Ascanio Caracciolo nasce il 13 ottobre 1563 a Villa Santa Maria (Chieti), feudo della sua principesca famiglia. Riceve un’educazione severa fatta di esercitazioni militari, com’era uso per i nobili, e di assiduo studio. Ha grande devozione alla Madonna, che onora portando lo scapolare del Carmine e recitando il rosario, ed è molto caritatevole verso i poveri. A 22 anni è colpito da una infezione (elefantiasi) che ne deturpa il corpo. Giudicato inguaribile, posto in isolamento, attraverso una finestrella può seguire la Messa celebrata nella cappella del palazzo. Fa voto di consacrarsi al servizio di Dio e del prossimo in caso di guarigione. Dio accoglie la sua preghiera e dopo aver distribuito ai poveri i propri beni si trasferisce a Napoli, per lo studio della teologia. Ordinato sacerdote a 24 anni, entra nella Compagnia dei Bianchi: confraternita i cui membri esercitano le opere di misericordia verso i malati, carcerati e condannati a morte. Della confraternita fa parte anche un suo omonimo a cui il sacerdote Agostino Adorno (aristocratico genovese) indirizza una lettera in cui propone la fondazione di un ordine di sacerdoti dediti sia alla vita attiva che contemplativa. Conquistato dal progetto apostolico, anche se la lettera non era indirizzata a lui, si rende disponibile per la fondazione del nuovo istituto e nel 1587 vengono redatte le costituzioni: “Questo sarà il principale impegno [carisma] della nostra congregazione: stare assiduamente al cospetto della Divina Maestà… con la preghiera continua. Poiché ciò è impossibile per la singola persona, stabiliamo che, in ogni casa della nostra Religione, le ore del giorno e della notte siano distribuite in modo tale che almeno sia possibile adempiere a questo compito a turno”. Oltre ai tre voti comuni a tutte le famiglie religiose viene espresso anche un quarto voto di non ambire a dignità ecclesiastiche. Nel 1588 assieme all’Adorno si reca a Roma dove Sisto V, compiaciuto per l’indole francescana del nuovo istituto, approva l’Ordine dei Chierici Regolari Minori. Di ritorno a Napoli i primi confratelli fanno solenne professione religiosa la domenica in albis 9 aprile 1589 e scelgono come motto della sorgente congregazione: “Ad majorem Resurgentis gloriam” (a maggior gloria del Risuscitato). Per la grande devozione che Caracciolo nutre verso il Poverello d’Assisi, al momento della professione religiosa cambia il nome di battesimo con quello di Francesco.
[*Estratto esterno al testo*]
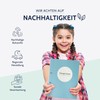 goldbuch 36113 Certificate Folder Pastel Turquoise, DIN A4 Document Folder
L’adorazione eucaristica perpetua è la principale caratteristica del nuovo istituto e il più prezioso lascito di S. Francesco Caracciolo alla Chiesa: egli mai si stancava di esortare i sacerdoti a celebrare la Messa ogni giorno e i fedeli a comunicarsi frequentemente. Il bisogno di rimanere unito a Cristo lo spinge a celebrare la Messa, con intensa fede, a trascorrere lunghe ore in adorazione del Tabernacolo, a contemplare i misteri della Passione del Signore. Da lì scaturisce lo zelo di essere accanto ai fratelli più poveri ed emarginati. Dopo un anno d’inutili sforzi per aprire una casa religiosa a Madrid, sopravvissuti a due naufragi, di ritorno a Napoli, nel 1591 Adorno muore; cosicché, quando si riunisce il primo capitolo generale, Francesco viene eletto Preposito Generale perpetuo, ma egli, nella sua umiltà, accetta la carica solo per 3 anni. Rifiuta gli onori continuando a questuare per soccorrere i poveri, a portare vesti lise, a pulire la chiesa e occuparsi delle faccende domestiche. Rettore della chiesa di Santa Maria Maggiore in Napoli e maestro dei novizi, è dotato del dono di profezia e del discernimento degli spiriti. Nel 1601 in Spagna fonda case religiose a Madrid, Valladolid e presso l’università di Alcalà. Eletto maestro dei novizi a Madrid, nel 1604 torna a guidare la comunità di Napoli. Nel 1606 papa Paolo V, che avrebbe voluto farlo vescovo, gli dona come casa generalizia in Roma la chiesa di San Lorenzo in Lucina, dove Francesco si trasferisce divenendo presto celebre per la carità verso i poveri e per i miracoli.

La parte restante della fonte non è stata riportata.